Specificity – epitope, conformation and cross-reactivity are defined during the production process and cross-reactivity can be eliminated.
Design – can be designed for a broader range of targets, for example, human targets conserved across species, small molecules and those that are non-immunogenic.
Stability – many non-animal technologies are stable through wider pH ranges, temperatures and in various solvents.
Unlimited supply – as the sequence is known, there is no limit to, or variation of, the antibodies produced.
Faster production – recombinant antibodies from established libraries can be produced in a matter of weeks.
Affinity – through stringent selection and optimization to user specific protocols, higher affinities can be achieved in all well-known molecular formats.
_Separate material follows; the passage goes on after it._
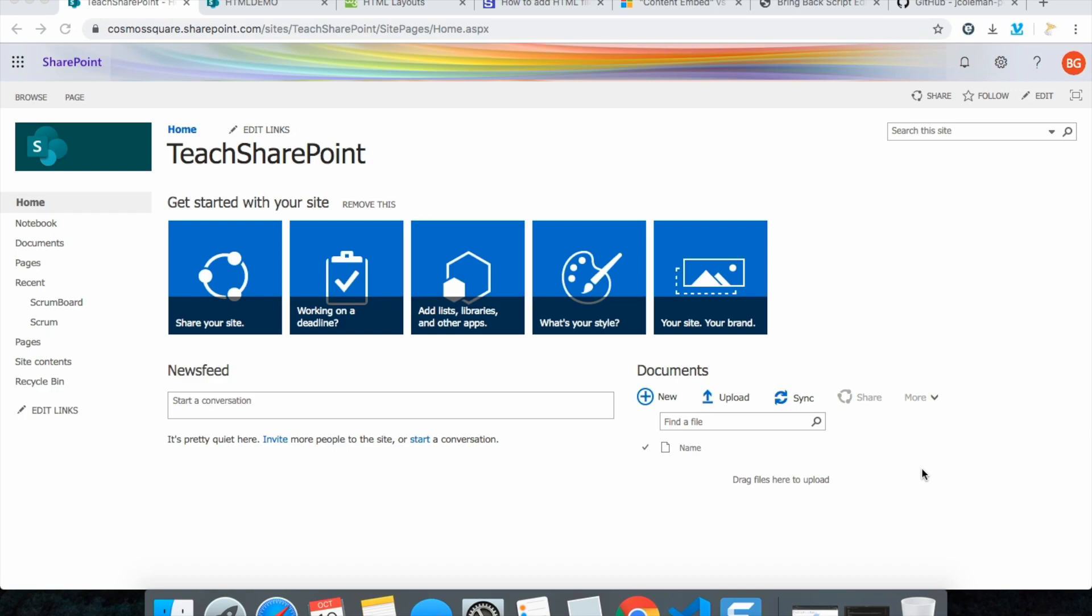Hello everyone, in this video we will see how to create a SharePoint page and include HTML and CSS in that. For that we need to create a web part page first and check whether content editor is available.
Cost – production costs are similar to those of monoclonal antibodies generated with animals, and the increase in specificity and reproducibility offsets the increased cost over polyclonal antibodies.
Broad applicability – can be used for the majority of bench applications.
Translatability – because non-animal technologies are of human origin, they do not have to be humanized for therapeutic use.
Table 1: The benefits of using animal-free antibody technologies.
Animal-free antibodies suitable for research applications are available from suppliers and through custom generation services (see Resources). However, misconceptions of their validity and limited awareness of their advantages  are preventing widespread uptake of these technologies within the research community.
Supporting the adoption of animal-free antibody technologies will require the combined efforts of manufacturers, suppliers and end-users. Further guidance for the adoption of animal-free antibody technologies can be found in the EURL ECVAM Recommendation on Non-Animal-Derived Antibodies review .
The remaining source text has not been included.